This Saturday Ryan Burnett will make the walk to the centre of Belfast’s SSE Arena with the IBF Bantamweight title in his grasp.

It’s a walk that he has imagined a lot over the last two months. He’s played the fight out over and over again in his head and he’s visualised lifting the WBA Bantamweight title and what the scene will look like when he’s crowned as a two-time world champion.

At Thursday’s final pre-fight press conference he’s sitting at the top table  beside promoter Eddie Hearn, and while Hearn spends most of the time questioning the other fighters on the undercard about their preparation, Burnett just sits there and stares at the vacant WBA Bantamweight title.

"I don't know if you noticed when I was up there, but I just kept looking at the belt, it was all I could think about," Burnett tells me in a quiet corner at the Waterfront Hall.

In the build up to this fight, Burnett (17-0) has been asked an inordinate number of times why he wants to take on Zhakiyanov (27-1) in his first title defence.

The Ricky Hatton trained fighter defeated former AIBA world champion Rau'shee Warren in his last fight, and Burnett could have easily taken a couple of more fights to continue to build his profile as a world champion before challenging for other belts at a later stage.

He’s asked why he's taking the Zhakiyanov fight so soon in almost every pre-fight interview and his answer invariably begins with “I don’t just want to be a world champion, I want to be a great world champion.”

It’s a throwaway line to use for anyone in his position but there’s a sense that he genuinely means it.

Ryan Burnett (Northern Ireland) celebrates after defeating Lee Haskins (England) during the IBF Bantamweight World Championship bout at the SSE Arena Belfast on June 10, 2017 in Belfast, Northern Ireland. (Photo by Charles McQuillan/Getty Images)
Ryan Burnett (Northern Ireland) celebrates after defeating Lee Haskins (England) during the IBF Bantamweight World Championship bout at the SSE Arena Belfast on June 10, 2017 in Belfast, Northern Ireland. (Photo by Charles McQuillan/Getty Images)

When Burnett first went down to Belfast's Kronk Gym as a nine-year-old, he was immediately sucked into a world that would soon dominate his life.

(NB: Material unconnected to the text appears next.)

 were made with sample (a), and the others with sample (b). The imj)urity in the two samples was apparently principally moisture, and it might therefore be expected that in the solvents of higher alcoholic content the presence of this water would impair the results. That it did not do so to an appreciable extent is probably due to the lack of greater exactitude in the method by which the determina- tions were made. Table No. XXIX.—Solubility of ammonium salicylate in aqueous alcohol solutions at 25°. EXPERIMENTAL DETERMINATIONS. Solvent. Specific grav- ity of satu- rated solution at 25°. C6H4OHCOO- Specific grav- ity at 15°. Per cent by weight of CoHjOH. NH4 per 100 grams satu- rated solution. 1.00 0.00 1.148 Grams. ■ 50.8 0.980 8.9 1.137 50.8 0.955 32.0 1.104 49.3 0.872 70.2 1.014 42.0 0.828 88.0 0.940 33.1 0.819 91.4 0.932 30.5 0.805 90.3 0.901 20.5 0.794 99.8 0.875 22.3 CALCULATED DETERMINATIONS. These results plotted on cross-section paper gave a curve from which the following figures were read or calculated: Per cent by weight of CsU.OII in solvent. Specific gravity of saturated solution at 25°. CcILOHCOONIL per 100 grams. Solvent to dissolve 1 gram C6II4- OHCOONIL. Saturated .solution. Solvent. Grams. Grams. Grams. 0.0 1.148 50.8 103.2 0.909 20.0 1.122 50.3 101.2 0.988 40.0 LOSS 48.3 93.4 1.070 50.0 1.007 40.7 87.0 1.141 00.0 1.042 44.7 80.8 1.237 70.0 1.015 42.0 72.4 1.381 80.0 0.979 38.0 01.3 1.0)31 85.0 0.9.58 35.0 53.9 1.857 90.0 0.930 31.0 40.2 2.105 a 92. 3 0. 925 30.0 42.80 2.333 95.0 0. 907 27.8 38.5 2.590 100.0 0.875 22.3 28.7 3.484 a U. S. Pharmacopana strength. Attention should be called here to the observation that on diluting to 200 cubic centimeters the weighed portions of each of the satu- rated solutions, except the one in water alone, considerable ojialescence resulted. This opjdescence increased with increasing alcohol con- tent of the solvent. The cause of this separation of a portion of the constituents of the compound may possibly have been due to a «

After two years at the Antrim Road club, coaches Pat McStravick and Tony Dunlop were struggling to find opponents for him to fight.

Burnett dominated his age group and swept multiple underage titles before joining Paddy Barnes and Carl Frampton at Gerry Storey’s Holy Family Boxing Club in the republican area of New Lodge.

Burnett quickly blossomed under Storey and trained at his gym every evening alongside Frampton and Barnes.

When training would finish, Storey would drop Frampton to his house in Tiger’s Bay, for fear of letting him walk home alone, while he would drop Burnett to the gates outside a nearby park before helping him over the railings to walk the rest of the way from there.

“I used to take him over to the park and he used to shadow box before he went over the rails,” said Storey.

“His parents were caretakers and they had a house near the public park and before he went over the gates he would tell me ‘Gerry, I’m going to be a world champion. I’m going to be a world champion Gerry’.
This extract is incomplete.